PhD Thesis

Explaining Listener Differences in the Perception of Musical Structure

Mission

State-of-the-art models for the perception of grouping structure in music do not attempt to account for disagreements among listeners. But understanding these disagreements, sometimes regarded as noise in psychological studies, may be essential to fully understanding how listeners perceive grouping structure. Over the course of four studies in different disciplines, this thesis develops and presents evidence to support the hypothesis that attention is a key factor in accounting for listeners’ perceptions of boundaries and groupings, and hence a key to explaining their disagreements. Overview

The thesis is comprised of four main chapters, described below.
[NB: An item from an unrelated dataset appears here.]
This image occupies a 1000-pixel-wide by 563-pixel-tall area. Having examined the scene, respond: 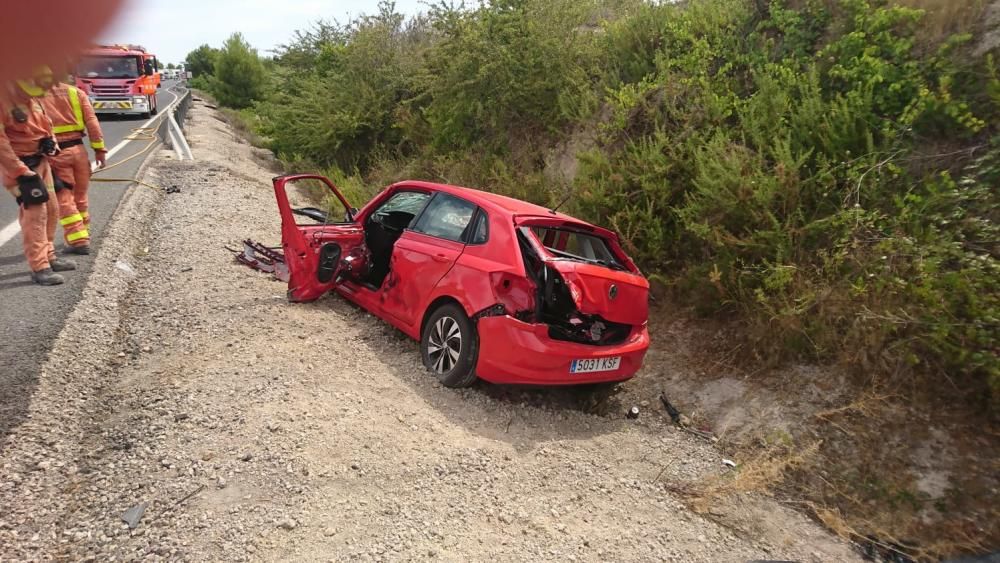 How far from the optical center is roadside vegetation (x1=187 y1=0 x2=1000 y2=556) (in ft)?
14.9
More information on each chapter is available at its associated project page.

Listener Disagreements
First, we conduct a case study of the disagreements between two listeners. By studying the justifications each listener gave for their analyses, we argue that the disagreements arose directly from differences in attention, and indirectly from differences in information, expectation, and ontological commitments made in the opening moments.
Boundaries and Novelty
Second, in a large-scale corpus study, we study the extent to which acoustic novelty can account for the boundary perceptions of listeners. The results indicate that novelty is correlated with boundary salience, but that novelty is a necessary but not sufficient condition for being perceived as a boundary.
Estimating Feature Relevance
Third, we develop an algorithm that optimally reconstructs a listener’s analysis in terms of the patterns of similarity within a piece of music. We demonstrate how the output can identify good justifications for an analysis and account for disagreements between two analyses.
Attention and Grouping
Finally, having introduced and developed the hypothesis that disagreements between listeners may be attributable to differences in attention, we test the hypothesis in a sequence of experiments. We find that by manipulating the attention of participants, we are able to influence the groupings and boundaries they find most salient.

From the sum of this research, we conclude that a listener’s attention is a crucial factor affecting how listeners perceive the grouping structure of music.